I would never have found this space if I had not “pushed” myself through the first months when the practice felt like a task. I think it’s important to believe that one can get to that effortless place, to keep going, every day, even if one doesn’t know “how” or when it will happen. I know that if I sit Zazen every day, it eventually happens. 

Meditation is changing me. The biggest and most important change is that I have confidence in the fact that I can change. From trivial little things, to deep emotional wounds. Meditation has a way of making one more flexible, and it gives me joy to see that I can surprise myself and overcome challenges. In addition, I’m getting to know my mind. I know the nuances of mental chatter, of daydreaming, of worrying. It’s immensely powerful to know oneself better. In a world that can be chaotic and confusing, Zazen is the best activity I can do to feel safer in myself. 

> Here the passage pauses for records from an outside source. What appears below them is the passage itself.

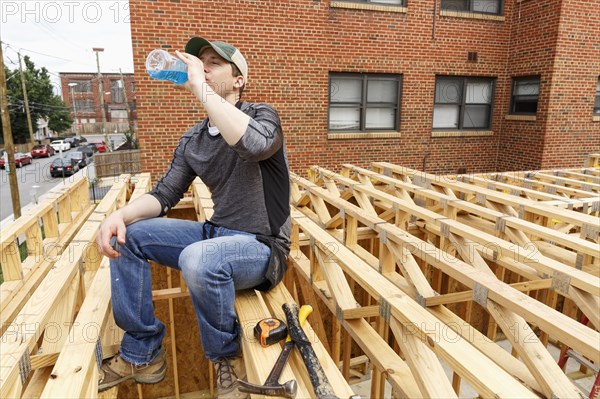 Caucasian man drinking beverage at construction site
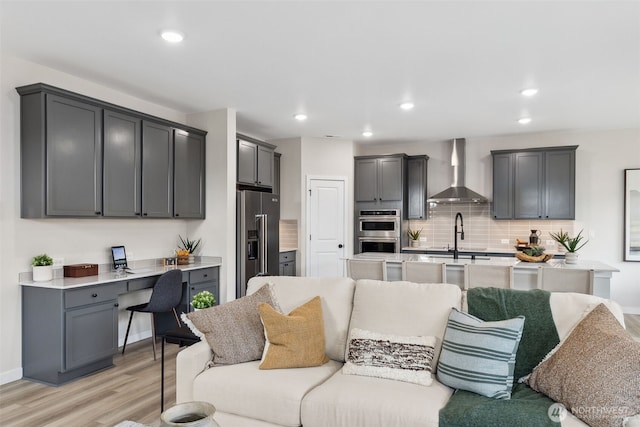 living area with recessed lighting, built in desk, light wood-style flooring, and baseboards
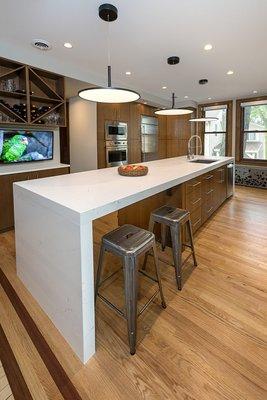 Bar seating and custom wine storage make the kitchen the heart of the home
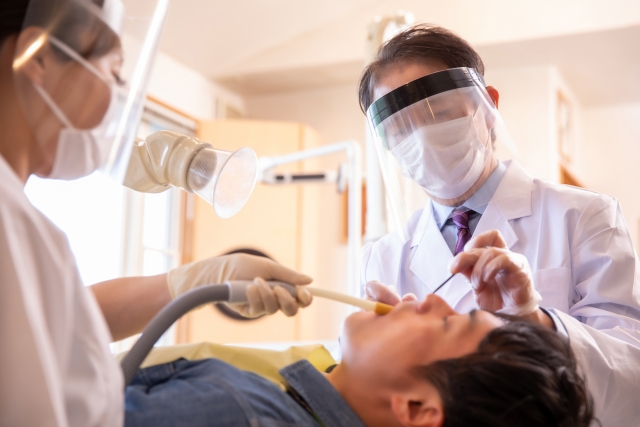 歯医者で治療を受ける男性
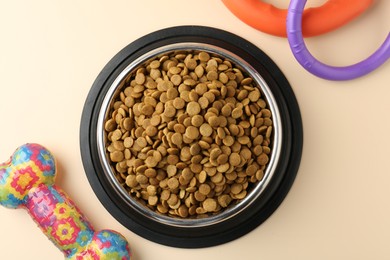 Photo of Dry pet food in feeding bowl and toys on beige background, flat lay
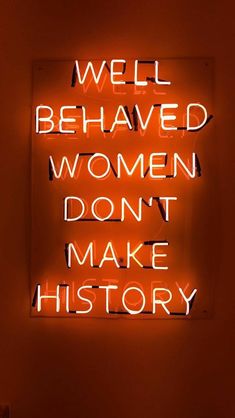 a neon sign that says well behaved women don't make history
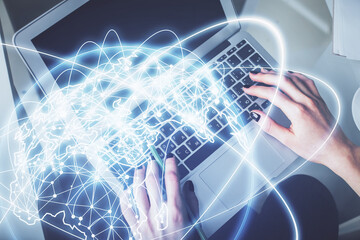 Double exposure of woman hands working on computer and financial theme hologram drawing. Top View. Business concept.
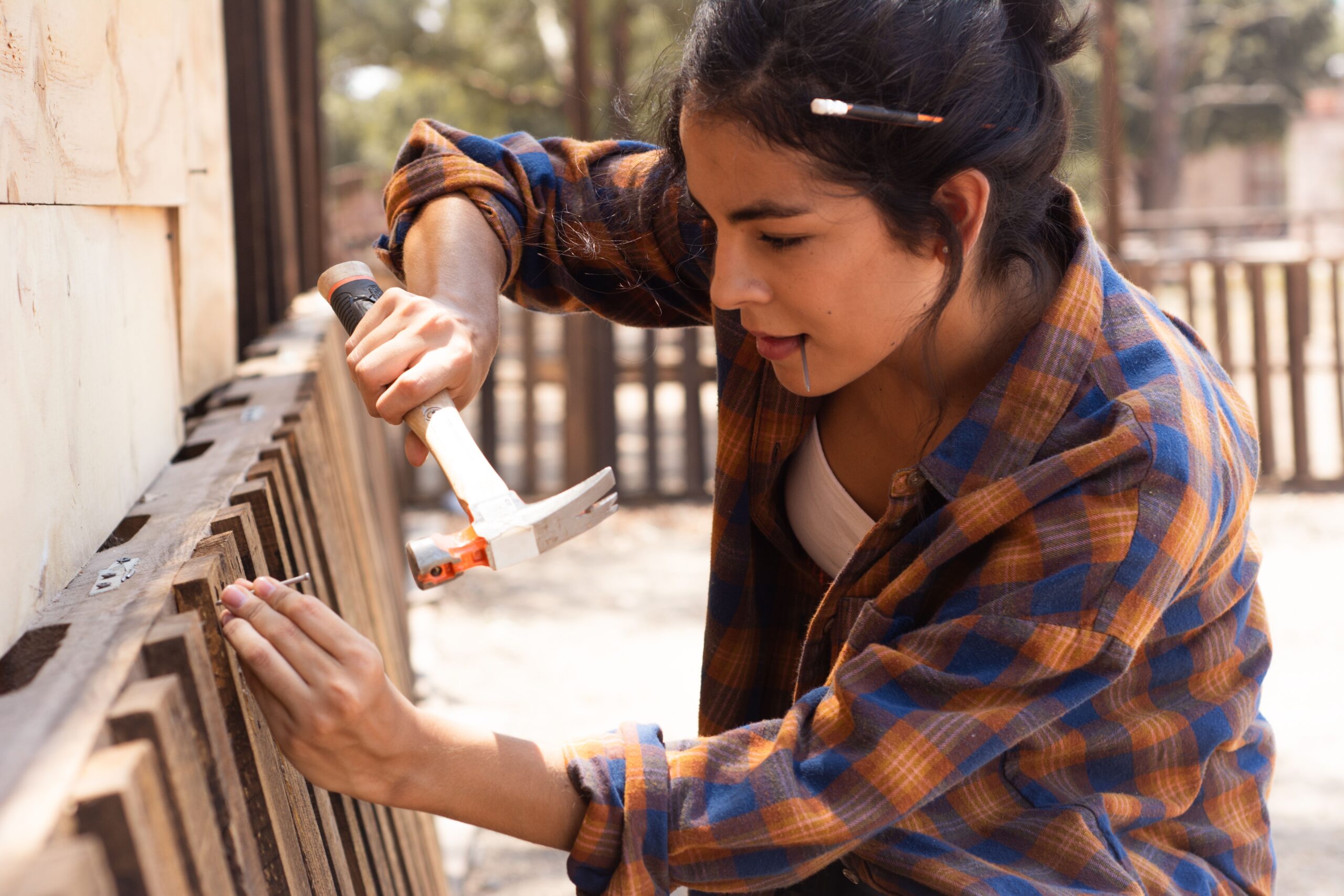 Technician performing fence repair and maintenance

The changes are spreading to other areas of my life, I feel more attracted to peaceful places outside of myself as well. I have a growing need to find simplicity and stillness, to remove the layers of unnecessary stuff and unnecessary struggle. There’s happiness and curiosity in this change: what will I find, once all the layers are gone? 

On a practical note, I finally cleaned up the seemingly endless clutter in my room! It took a year…. 

Now there’s space.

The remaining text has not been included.